Ethereum’s Tim Beiko confirms Shapella date as April 12

In an enigmatic tweet that contained nothing but mainnet slot and date/time, Tim Beiko of the Ethereum Foundation seemingly set the tentative date for the long-awaited upgrade.

Ethereum vaporwave art generated by Midjourney.

The Shanghai and Capella Upgrades, collectively known as Shapella, will enable staked ETH withdrawals for the first time since ETH staking was introduced in December 2020, releasing about 17.6 million ETH, or over $30 billion at current rates. The mainnet launch will occur at slot 6209536, on April 12, 10:27 pm UTC, Ethereum core developer Tim Beiko announced Thursday.

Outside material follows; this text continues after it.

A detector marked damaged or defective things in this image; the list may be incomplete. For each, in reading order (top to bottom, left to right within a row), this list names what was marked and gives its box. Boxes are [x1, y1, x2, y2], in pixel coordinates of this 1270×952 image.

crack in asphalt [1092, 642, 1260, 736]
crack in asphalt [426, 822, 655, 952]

Although some community members were initially in doubt whether the date tweeted by Beiko was indeed the date of Shapella going live, the announcement was later confirmed by Ethereum researcher and Arbitrum dev known under the alias “terence.eth.”

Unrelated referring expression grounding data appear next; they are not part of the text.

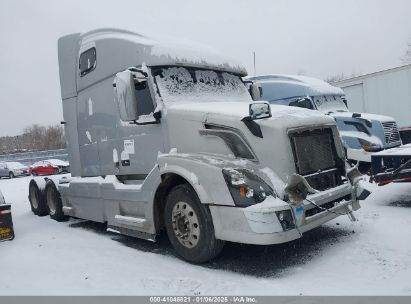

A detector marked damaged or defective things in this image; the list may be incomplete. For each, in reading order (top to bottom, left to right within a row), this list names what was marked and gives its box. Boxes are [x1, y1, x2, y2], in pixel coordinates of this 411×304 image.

damaged front bumper [211, 182, 366, 246]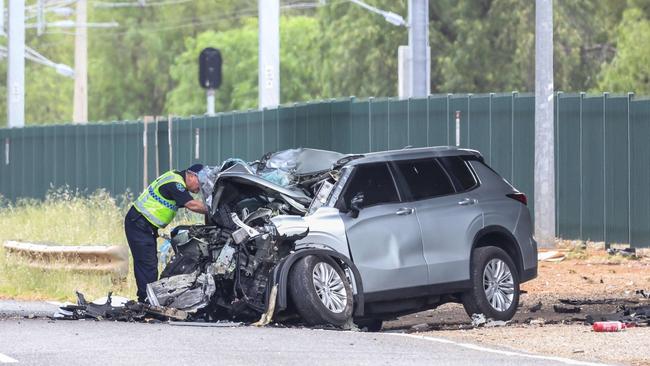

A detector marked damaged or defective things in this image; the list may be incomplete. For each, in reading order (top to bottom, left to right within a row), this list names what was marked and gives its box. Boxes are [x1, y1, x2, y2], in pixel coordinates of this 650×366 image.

crashed car [148, 146, 536, 328]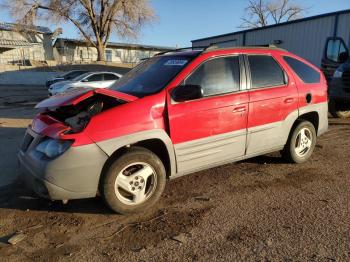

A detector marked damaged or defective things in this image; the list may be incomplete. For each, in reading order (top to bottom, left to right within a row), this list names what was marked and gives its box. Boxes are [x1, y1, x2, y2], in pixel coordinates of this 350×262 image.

crumpled hood [35, 88, 138, 108]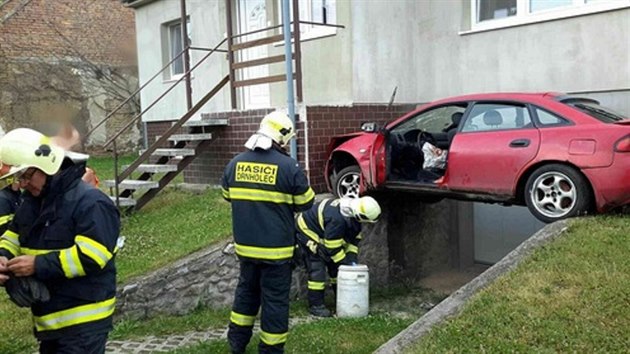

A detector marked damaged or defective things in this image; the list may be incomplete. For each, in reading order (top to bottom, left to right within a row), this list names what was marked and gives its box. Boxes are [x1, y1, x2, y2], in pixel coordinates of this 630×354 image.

crashed car [326, 92, 630, 223]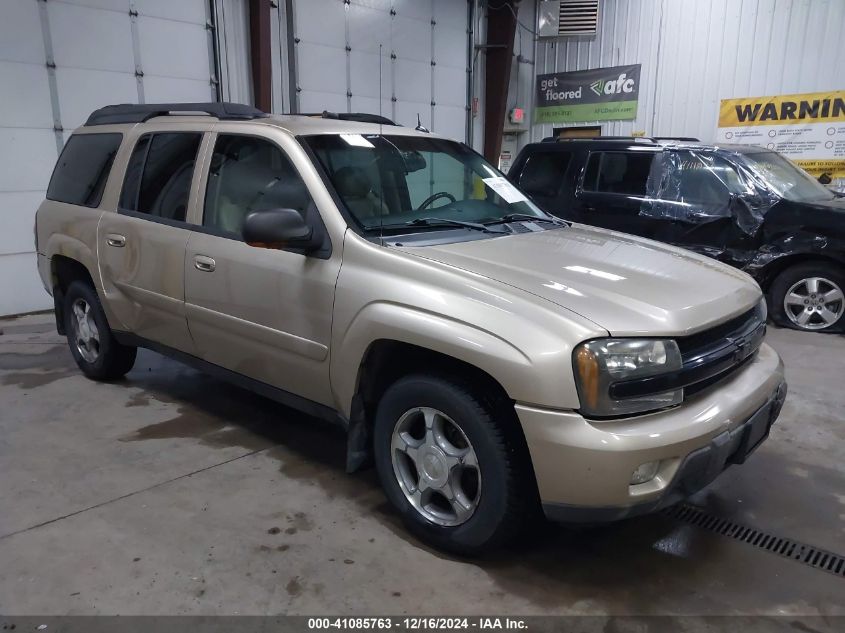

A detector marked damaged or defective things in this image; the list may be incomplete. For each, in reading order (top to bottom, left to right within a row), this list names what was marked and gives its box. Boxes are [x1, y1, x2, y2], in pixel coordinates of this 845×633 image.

damaged black suv [508, 139, 844, 334]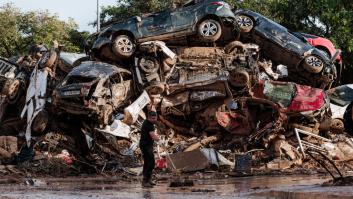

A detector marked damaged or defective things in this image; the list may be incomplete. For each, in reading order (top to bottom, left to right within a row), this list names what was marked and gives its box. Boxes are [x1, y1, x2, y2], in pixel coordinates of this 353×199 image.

wrecked suv [91, 0, 234, 59]
crushed car [93, 0, 235, 60]
crushed car [234, 9, 336, 88]
wrecked suv [234, 9, 336, 88]
crushed car [52, 61, 133, 125]
wrecked suv [53, 61, 133, 125]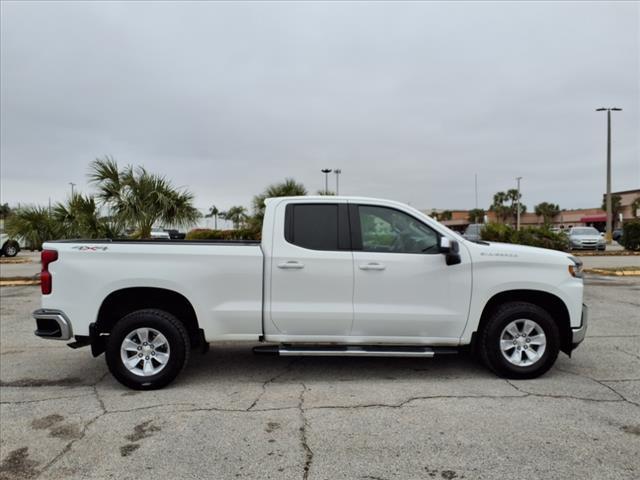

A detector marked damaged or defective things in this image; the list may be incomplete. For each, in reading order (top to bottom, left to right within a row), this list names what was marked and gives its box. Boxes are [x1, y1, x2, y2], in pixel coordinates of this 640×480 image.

cracked pavement [0, 278, 636, 480]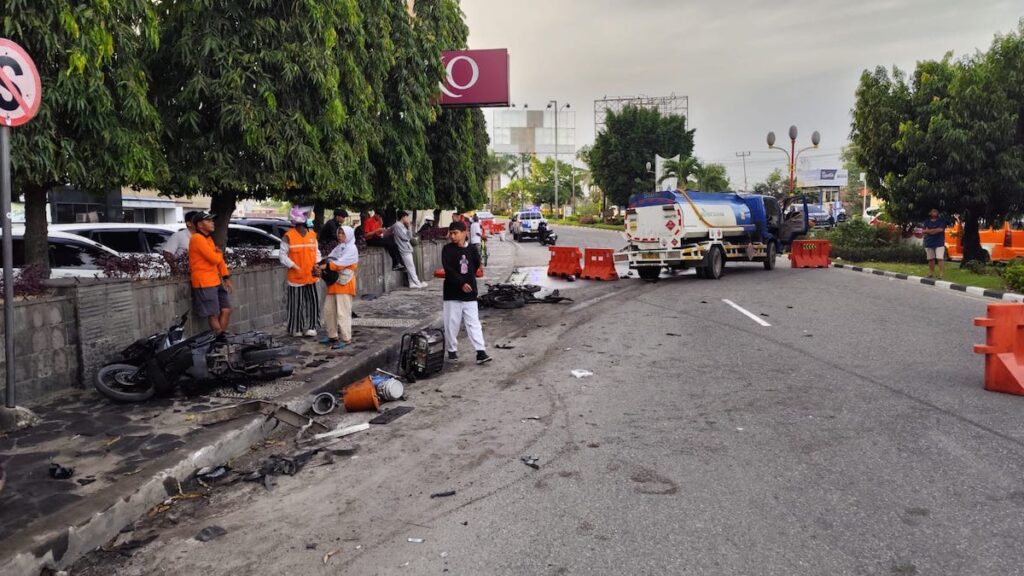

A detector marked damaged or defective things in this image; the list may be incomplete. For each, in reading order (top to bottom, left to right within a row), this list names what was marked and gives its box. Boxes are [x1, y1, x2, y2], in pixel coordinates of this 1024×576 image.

crashed motorcycle [536, 220, 561, 245]
overturned motorcycle [475, 282, 573, 309]
crashed motorcycle [93, 311, 296, 401]
overturned motorcycle [93, 311, 296, 401]
broken plastic piece [194, 522, 227, 541]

“Babe wake up staking withdrawals are coming,” Ethereum bull and community educator Anthony Sassano cheered in his quote tweet to Beiko’s announcement.

The final dress rehearsal for Shapella took place on Tuesday, when the upgrade was executed on the Goerli test network at around 10:25 pm UTC. The hard fork initially suffered from low network participation, as several validators didn’t upgrade their client software on time.

“One challenge with testnet validators is that given the ETH is worthless, there’s less incentive to run a validator/monitor it,” Tim Beiko explained at the time.

Shapella upgrade comes amid increased regulatory pressure on the crypto industry, as SEC Chairman Gary Gensler has recently suggested that all proof-of-stake tokens are securities when speaking to reporters after a commission vote on Wednesday.

"Whatever they're promoting and putting into a protocol, and locking up their tokens in a protocol, a protocol that's often a small group of entrepreneurs and developers are developing, I would just suggest that each of these token operators ... seek to come into compliance, and the same with the intermediaries," Gensler said, quoted by The Block.